1940's MOBO Bronco Tin Horse
Price : €195
D. Sebel & Co. was founded in East London, England, in 1921 and made various metal products. It made metal furniture and toys beginning in the 1940s. The Mobo Bronco riding toy, the company’s best-known toy, was made from 1947 to 1972. When the rider pushed on the stirrups, the horse moved forward. The mechanism was patented in 1942, but production didn’t begin until 1947. Several different models of the horse were made. “Magic Steering” was added in 1950. The horse could be made to turn by pushing on one stirrup. The company opened a factory in Erith, Kent, England, in 1947 and a subsidiary in New York City in 1948. The Bronco was so popular that it stayed in production until 1971. Our Bronco is a 1940's model without the "Magic Steering".

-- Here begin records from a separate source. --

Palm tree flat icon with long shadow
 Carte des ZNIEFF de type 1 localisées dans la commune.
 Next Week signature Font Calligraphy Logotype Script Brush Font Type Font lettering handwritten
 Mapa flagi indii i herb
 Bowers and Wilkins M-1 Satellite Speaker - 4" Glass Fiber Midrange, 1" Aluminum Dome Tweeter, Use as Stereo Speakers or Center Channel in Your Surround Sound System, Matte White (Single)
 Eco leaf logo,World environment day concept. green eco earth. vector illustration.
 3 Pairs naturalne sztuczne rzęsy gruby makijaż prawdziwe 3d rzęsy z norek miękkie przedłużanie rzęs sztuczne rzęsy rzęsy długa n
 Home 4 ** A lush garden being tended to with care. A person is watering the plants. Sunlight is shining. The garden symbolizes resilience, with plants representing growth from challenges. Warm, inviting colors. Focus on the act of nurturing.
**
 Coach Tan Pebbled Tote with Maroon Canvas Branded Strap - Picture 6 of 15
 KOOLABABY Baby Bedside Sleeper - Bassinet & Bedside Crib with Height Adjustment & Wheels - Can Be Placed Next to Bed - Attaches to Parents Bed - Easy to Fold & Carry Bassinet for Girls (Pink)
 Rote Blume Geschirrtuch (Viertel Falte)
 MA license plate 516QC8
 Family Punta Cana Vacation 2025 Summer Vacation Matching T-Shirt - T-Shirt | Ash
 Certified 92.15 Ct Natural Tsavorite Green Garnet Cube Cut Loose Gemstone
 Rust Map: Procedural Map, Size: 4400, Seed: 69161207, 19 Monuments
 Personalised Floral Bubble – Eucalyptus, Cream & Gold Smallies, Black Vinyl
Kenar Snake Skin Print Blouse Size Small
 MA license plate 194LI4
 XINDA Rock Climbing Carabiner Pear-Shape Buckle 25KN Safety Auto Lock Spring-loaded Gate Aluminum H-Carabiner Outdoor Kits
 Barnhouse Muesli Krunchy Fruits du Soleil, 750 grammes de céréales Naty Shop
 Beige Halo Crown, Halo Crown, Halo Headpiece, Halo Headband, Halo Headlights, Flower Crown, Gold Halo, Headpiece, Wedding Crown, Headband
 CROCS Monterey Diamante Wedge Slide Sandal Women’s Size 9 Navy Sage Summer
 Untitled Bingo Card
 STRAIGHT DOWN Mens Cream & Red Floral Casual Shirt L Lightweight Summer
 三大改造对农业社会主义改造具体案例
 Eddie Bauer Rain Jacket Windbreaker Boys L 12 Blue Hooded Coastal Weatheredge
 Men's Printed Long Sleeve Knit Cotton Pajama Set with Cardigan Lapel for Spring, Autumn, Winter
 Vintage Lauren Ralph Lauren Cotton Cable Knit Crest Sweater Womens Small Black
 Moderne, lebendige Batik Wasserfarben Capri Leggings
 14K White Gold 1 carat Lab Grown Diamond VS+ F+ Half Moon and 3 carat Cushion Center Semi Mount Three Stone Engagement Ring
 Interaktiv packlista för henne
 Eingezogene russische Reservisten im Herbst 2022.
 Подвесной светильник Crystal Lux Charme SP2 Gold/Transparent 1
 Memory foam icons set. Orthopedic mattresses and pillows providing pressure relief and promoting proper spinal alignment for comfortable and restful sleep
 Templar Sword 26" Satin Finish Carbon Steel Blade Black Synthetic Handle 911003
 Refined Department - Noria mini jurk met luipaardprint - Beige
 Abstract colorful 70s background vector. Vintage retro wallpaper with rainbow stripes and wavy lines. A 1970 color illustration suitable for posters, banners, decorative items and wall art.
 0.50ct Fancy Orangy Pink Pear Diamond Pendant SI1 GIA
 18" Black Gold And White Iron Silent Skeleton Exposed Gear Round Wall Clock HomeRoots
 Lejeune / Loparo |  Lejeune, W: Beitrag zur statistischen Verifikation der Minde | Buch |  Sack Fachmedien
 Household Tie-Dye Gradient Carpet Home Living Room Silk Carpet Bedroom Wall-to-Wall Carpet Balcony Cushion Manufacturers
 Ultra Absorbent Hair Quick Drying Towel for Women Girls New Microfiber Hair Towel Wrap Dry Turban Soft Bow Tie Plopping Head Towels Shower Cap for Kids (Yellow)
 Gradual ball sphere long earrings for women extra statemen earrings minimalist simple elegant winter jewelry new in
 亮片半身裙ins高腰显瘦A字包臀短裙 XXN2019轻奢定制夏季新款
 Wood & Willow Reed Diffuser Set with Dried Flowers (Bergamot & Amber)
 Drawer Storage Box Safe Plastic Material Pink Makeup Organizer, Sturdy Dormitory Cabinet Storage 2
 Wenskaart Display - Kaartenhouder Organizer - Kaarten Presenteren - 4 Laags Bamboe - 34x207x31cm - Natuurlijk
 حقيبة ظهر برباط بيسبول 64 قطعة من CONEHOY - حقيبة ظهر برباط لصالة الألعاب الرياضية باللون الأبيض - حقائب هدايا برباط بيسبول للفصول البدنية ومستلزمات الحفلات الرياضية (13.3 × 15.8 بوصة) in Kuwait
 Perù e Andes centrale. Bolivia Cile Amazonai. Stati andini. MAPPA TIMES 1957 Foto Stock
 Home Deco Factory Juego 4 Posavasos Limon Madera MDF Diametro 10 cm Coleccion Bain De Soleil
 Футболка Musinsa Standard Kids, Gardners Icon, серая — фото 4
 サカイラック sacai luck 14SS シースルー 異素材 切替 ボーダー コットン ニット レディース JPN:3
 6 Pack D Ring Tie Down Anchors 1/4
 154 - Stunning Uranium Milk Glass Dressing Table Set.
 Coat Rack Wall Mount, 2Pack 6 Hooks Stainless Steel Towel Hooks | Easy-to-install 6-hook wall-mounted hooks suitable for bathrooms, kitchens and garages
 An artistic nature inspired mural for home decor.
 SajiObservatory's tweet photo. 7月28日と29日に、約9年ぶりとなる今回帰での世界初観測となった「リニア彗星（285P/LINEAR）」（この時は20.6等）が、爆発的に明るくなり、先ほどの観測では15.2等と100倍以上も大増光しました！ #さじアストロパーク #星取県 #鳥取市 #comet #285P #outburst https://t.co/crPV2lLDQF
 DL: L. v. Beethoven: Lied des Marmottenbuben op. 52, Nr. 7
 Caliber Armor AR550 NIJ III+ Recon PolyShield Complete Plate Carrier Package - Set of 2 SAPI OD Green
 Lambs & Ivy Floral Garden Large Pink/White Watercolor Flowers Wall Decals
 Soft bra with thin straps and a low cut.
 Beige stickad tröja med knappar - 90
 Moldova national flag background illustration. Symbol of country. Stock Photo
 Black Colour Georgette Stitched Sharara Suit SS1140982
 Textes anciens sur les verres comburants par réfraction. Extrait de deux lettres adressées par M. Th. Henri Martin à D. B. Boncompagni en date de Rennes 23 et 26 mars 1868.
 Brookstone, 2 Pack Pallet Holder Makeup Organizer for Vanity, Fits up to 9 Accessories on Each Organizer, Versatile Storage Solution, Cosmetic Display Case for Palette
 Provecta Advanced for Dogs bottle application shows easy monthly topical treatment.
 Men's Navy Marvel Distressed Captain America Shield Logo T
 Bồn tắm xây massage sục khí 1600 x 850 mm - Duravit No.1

The Thirteen “Cries of London” by Francis Wheatley.
Price : €595
The "Cries of London" was a recurring theme in English printmaking for over three centuries. These colourful prints form a visual record of London's "lower orders", the peddlars, charlatans, street hawkers, milkmaids, and grocers who made their living on the city streets. They give the viewer a glimpse of a long forgotten London where tradesmen would advertise their wares with a musical shout or a melodic rhyme. Different versions of the "Cries" vary in tone from idealistic visions of contented street vendors to satirical caricatures of humorous urban figures. One of the most famous series of "London Cries" is the group of pretty pictures executed by Francis Wheatley. Wheatley's series was immensely popular and enjoyed a long period of success in the English print shops. Between 1792 and 1795 Wheatley exhibited 14 paintings of the "Cries" at the Royal Academy. The pictures attracted a great deal of attention at the exhibition and Colnaghi & Co. quickly agreed to publish a series of engravings after Wheatley's famous series. Only thirteen of the fourteen paintings were engraved and they were offered for sale individually or in a portfolio collection. The prints, which were executed in stipple, were engraved by some the most noted engravers in England; artists such as Luigi Schiavonetti, Giovanni Vendramini and Thomas Gaugain all contributed their work to the series. Complete collections of the "Cries" remained immensely popular, and by 1910 they were fetching more than James Audubon's folio "Birds of America" at auction.